On Sunday, May 19, members of the Wake Forest class of 2019 and their families gathered in Wait Chapel for the Baccalaureate service, a special one-hour religious service to honor the graduates.
Music played softly and then filled the chapel as the graduates and attendees sang in harmony and in celebration to religious hymns. Combining religious reverence and the honor of graduation, the service included a scripture reading followed by a prayer for the class of 2019.
The highlight of the service was the Baccalaureate speech delivered by Gary A. Haugen. Haugen is the CEO and founder of International Justice Mission (IJM), an international organization that protects people from violence throughout the developing world.

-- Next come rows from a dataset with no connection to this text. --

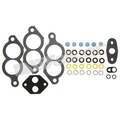 18011A - : Walker Products 18011A Fuel Injector Repair Kit for Walker Products Inc. - Image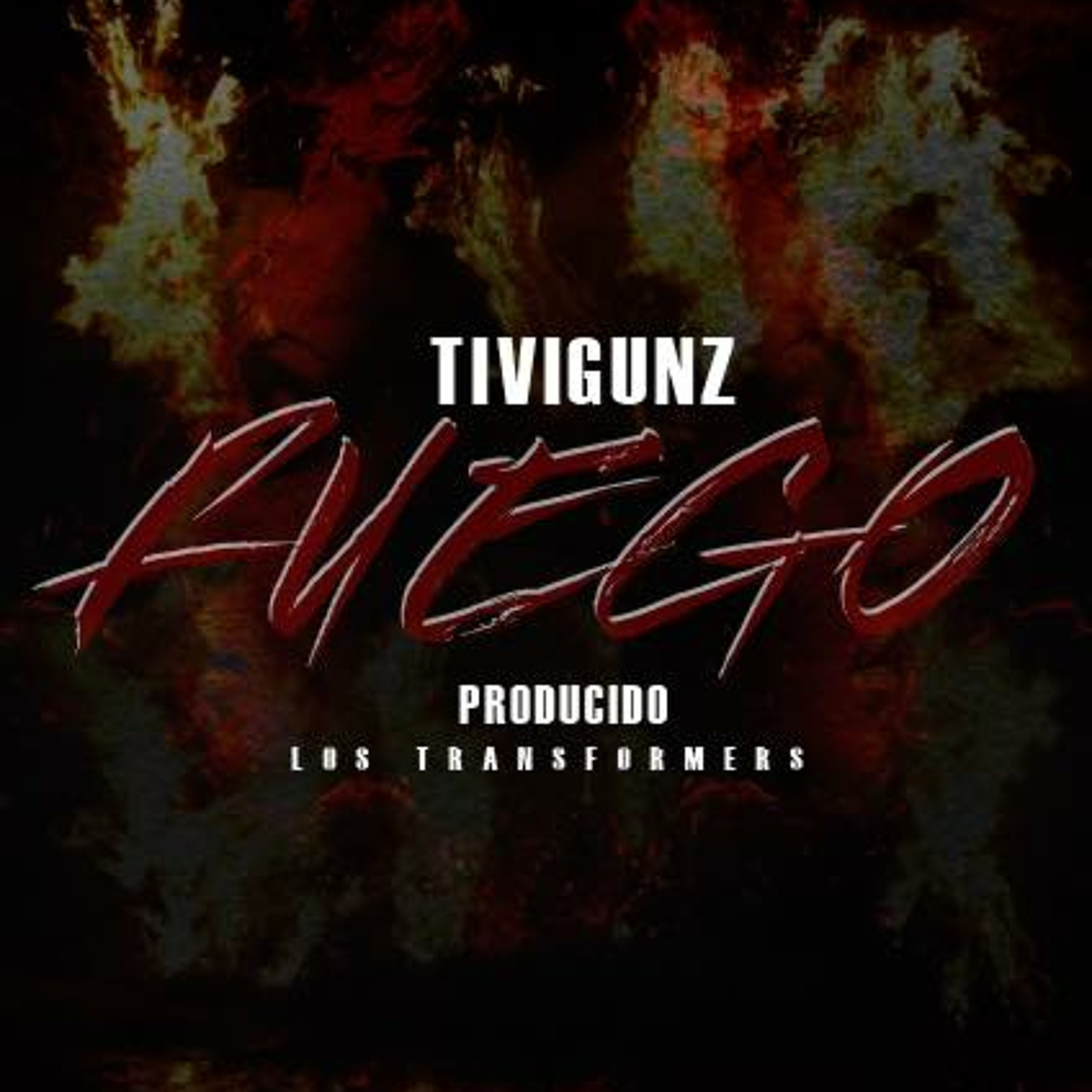 Musica Nueva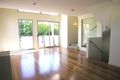 Property photo of 2/170 Kingsley Terrace Manly QLD 4179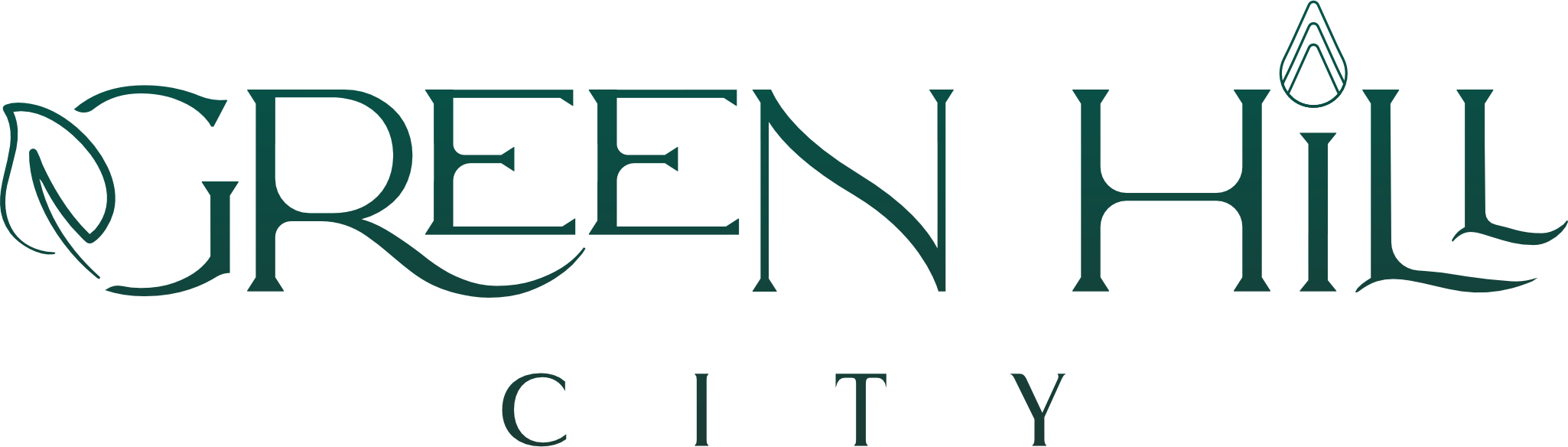 Green Hill Final G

President Nathan O. Hatch commented on the wisdom that Haugen was able to offer to students who are preparing to graduate and confront issues in the real world.
“Haugen’s fight against human trafficking is based on his conviction that compassion can alleviate the suffering of the world’s poorest people,” Hatch said. “As our graduates prepare to go out into the world, his work offers an inspiring example of Pro Humanitate in action.”
Speaking to the inspirational aspect of service, Haugen explained that his work with IJM has renewed his faith in humanity. He noted how the social workers at IJM confront circumstances of misery and heartbreak each day with a refreshing and courageous approach to social justice.
Haugen also challenged graduates to follow these tenets of the Pro Humanitate spirit through personal endeavors of passion projects and surpassing the minimal requirements or the foundational completion of nine-to-five job. He focused on the predominant purpose of finding true satisfaction through gratifying work.
“Relentlessly and uncompromisingly enjoy your lives,” Haugen said.
Graduate Haley Westervelt commented on the impact of his message to embrace this next stage in life joyfully without being bogged down by dwelling on the imperfections inherent in the human world.
“The Baccalaureate address challenged me to approach life after college with a pursuit for joy and freedom, even in a world that tells me I must be a slave to its demands for perfection,” Westervelt said. “Haugen and his organization model that even in the midst of a broken and suffering world — and he’s surely had more exposure to the evils of the world than I have — [demonstrated] that we can only truly combat those evils by embracing and exhibiting the great joy that is offered to us.”
Haugen also implored the graduates to move beyond the fear of failure in order to courageously take a risk at something worthwhile.
Haugen quoted Bible scripture, saying, “For God has not given us a spirit of fear, but of power and of love and of a sound mind.”
Through recounting his personal experience of founding a not-for-profit organization focused on charitable work, Haugen challenged the graduates to also draw upon inner reserves of courage in order to diminish the power that fear has to inhibit the progression of life. He had seen and fought against injustices as both a human rights attorney for the U.S. Department of Justice and as the director of the United Nations’ investigation into the Rwandan genocide before establishing IJM in 1997. He empowered graduates with the knowledge that each person has a human capability to impact the world in a positive way.
“You do not need to remember the words of a Baccalaureate speaker,” said Haugen. “You simply need to remember the truest yearning of your heart — the yearning for joy from your maker.”
Focusing on enjoying one’s life and passions, Haugen’s message to the graduates was especially fitting for those who have strived for academic achievement in the “Work Forest” environment for years and were finally able to celebrate the ultimate accomplishment of graduation and how far they have come.
“His point about enjoying life and all it has to offer is something that busy people, especially recent college graduates, can forget, so it was refreshing that such a role model was reminding us to truly live as well as do what we love and work hard,” said graduate Rachel Schwam.
The Baccalaureate service continued with a final hymn, “Go to the World.” The verses musically echoed the themes of Haugen’s speech, symbolizing the passage from Wake Forest into the world that the graduates would at commencement.
During the graduation exercises, Wake Forest will confer the honorary degree of Doctor of Humane Letters to Haugen in recognition of his dedicated advocacy to social justice and work at IJM.